▶ [Task objective]: If a line in the records contains the word "going", count it; state the resulting number and nothing more.
━━━━━ Extracted records ━━━━━
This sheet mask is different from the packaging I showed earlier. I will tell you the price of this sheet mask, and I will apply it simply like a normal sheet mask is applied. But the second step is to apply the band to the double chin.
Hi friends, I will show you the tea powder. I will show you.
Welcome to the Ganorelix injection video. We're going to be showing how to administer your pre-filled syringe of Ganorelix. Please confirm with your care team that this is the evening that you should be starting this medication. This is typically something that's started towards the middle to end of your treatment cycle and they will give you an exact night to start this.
━━━━━
━━━━━ Extracted records ━━━━━
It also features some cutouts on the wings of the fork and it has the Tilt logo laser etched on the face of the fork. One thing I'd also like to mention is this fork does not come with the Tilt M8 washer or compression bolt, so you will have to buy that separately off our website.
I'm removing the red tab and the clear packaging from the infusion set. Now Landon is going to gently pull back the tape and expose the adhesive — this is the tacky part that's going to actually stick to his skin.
━━━━━
▶ [Expected output]: 2